* **DATA**

************

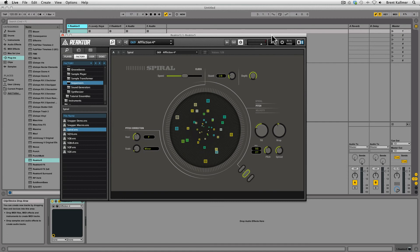Hey guys, what's up? Brent Kalmer from Blue Water VST, and this is the two-minute introduction to Native Instruments Reactor Spiral Sequencer.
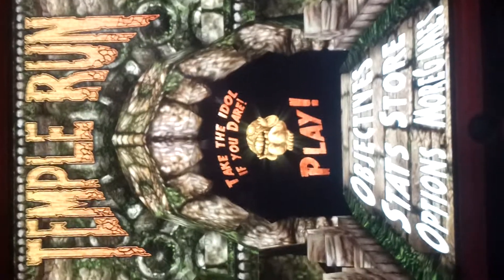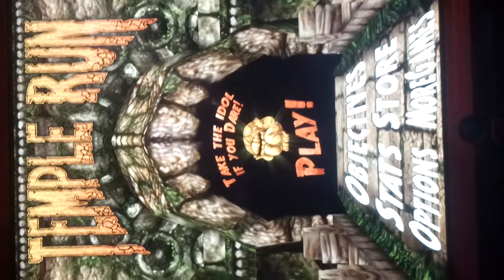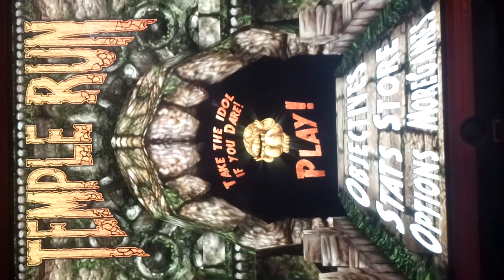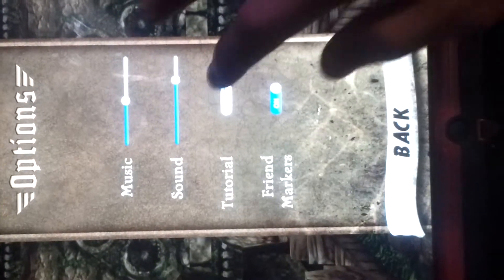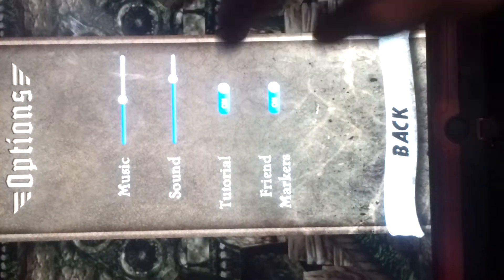Alright guys, this is how you do the glitch on Temple Run to run forever. First you go into options, put tutorial on, go back, hit play.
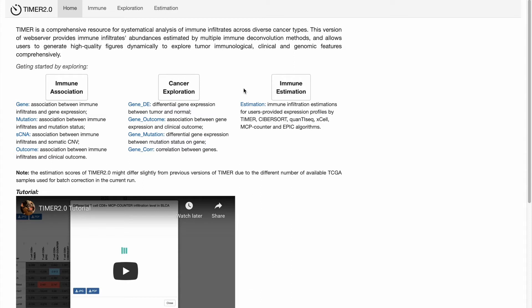TAMR2 can also help estimate the immune cell infiltration for user-provided expression profiles using six state-of-the-art algorithms. Next, I will introduce how to utilize TAMR2 in cancer research.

************

* **WHAT YOU ARE ASKED TO DO**
Exact copy, pictures excluded: repeat the lines from the top of the material through the line with "Alright guys, this".

* **RESPONSE AREA**
Hey guys, what's up? Brent Kalmer from Blue Water VST, and this is the two-minute introduction to Native Instruments Reactor Spiral Sequencer.
Alright guys, this is how you do the glitch on Temple Run to run forever. First you go into options, put tutorial on, go back, hit play.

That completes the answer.